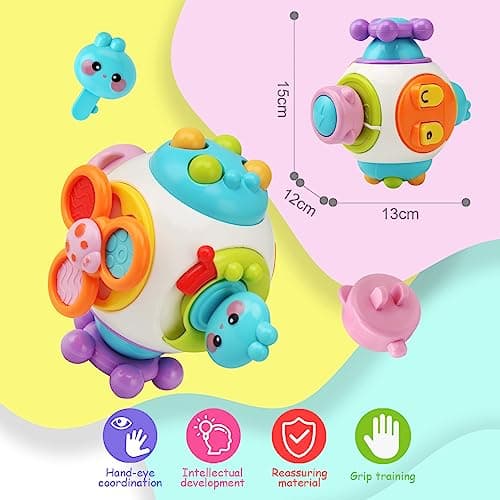 LEADSTAR Montessori Busy Cube Toys for Kids,Sensory Activity Board Travel Toy for Toddlers 1-3 Years Old,Fidget Cube Toy Educational Preschool Learning Toys for Babies 18-36 Months (A) — view 3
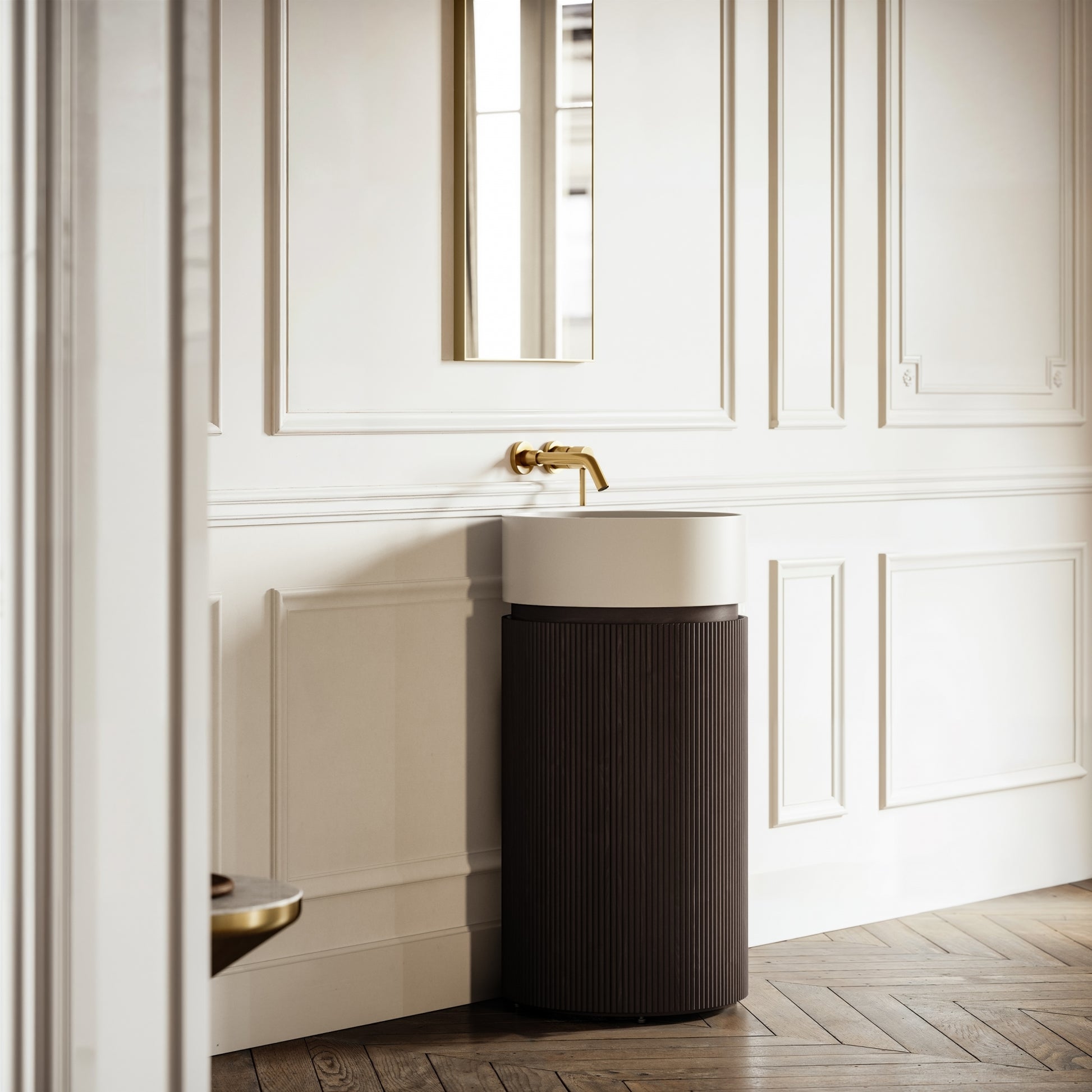 Chic Grey Oak Wood Grain Cylinder Vanity Unit with Stone Basin 450mm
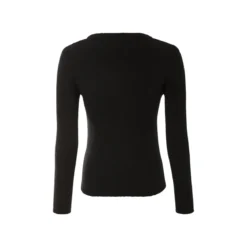 esmara® Damen Strickpullover, mit modischem Cut-Out (Schwarz, S(36/38)) - B-Ware neuwertig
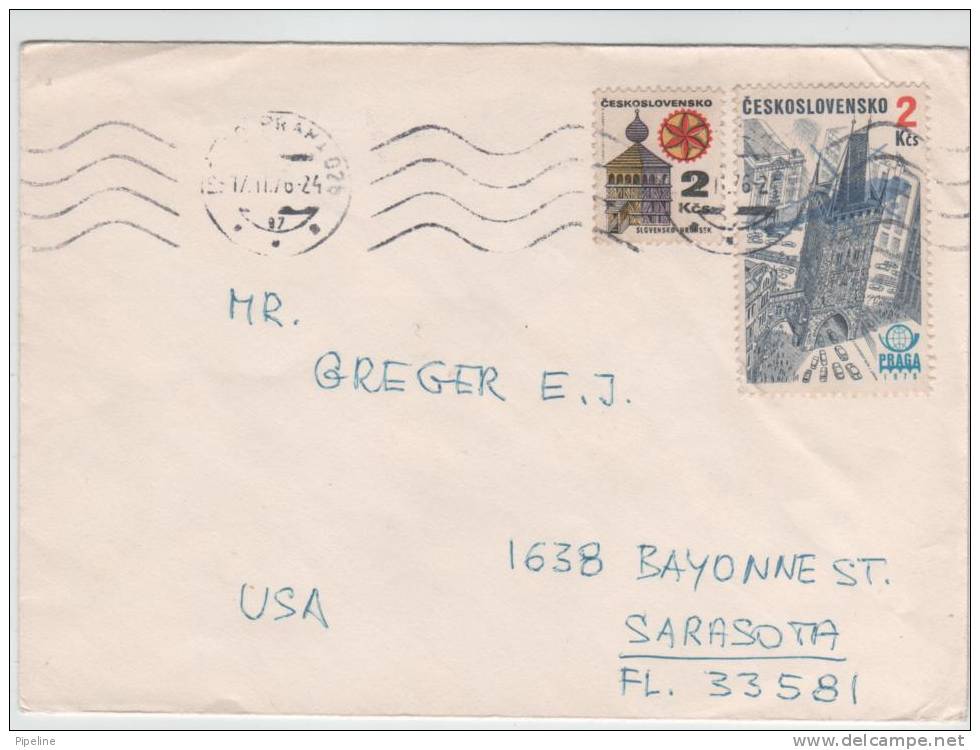 Czechoslovakia Cover Sent To USA 17-11-1978 - Covers & Documents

**PROBLEM**
Pictures aside, give the data again exactly as it appears.

**RESPONSE BOX**
 LEADSTAR Montessori Busy Cube Toys for Kids,Sensory Activity Board Travel Toy for Toddlers 1-3 Years Old,Fidget Cube Toy Educational Preschool Learning Toys for Babies 18-36 Months (A) — view 3
 Chic Grey Oak Wood Grain Cylinder Vanity Unit with Stone Basin 450mm
 esmara® Damen Strickpullover, mit modischem Cut-Out (Schwarz, S(36/38)) - B-Ware neuwertig
 Czechoslovakia Cover Sent To USA 17-11-1978 - Covers & Documents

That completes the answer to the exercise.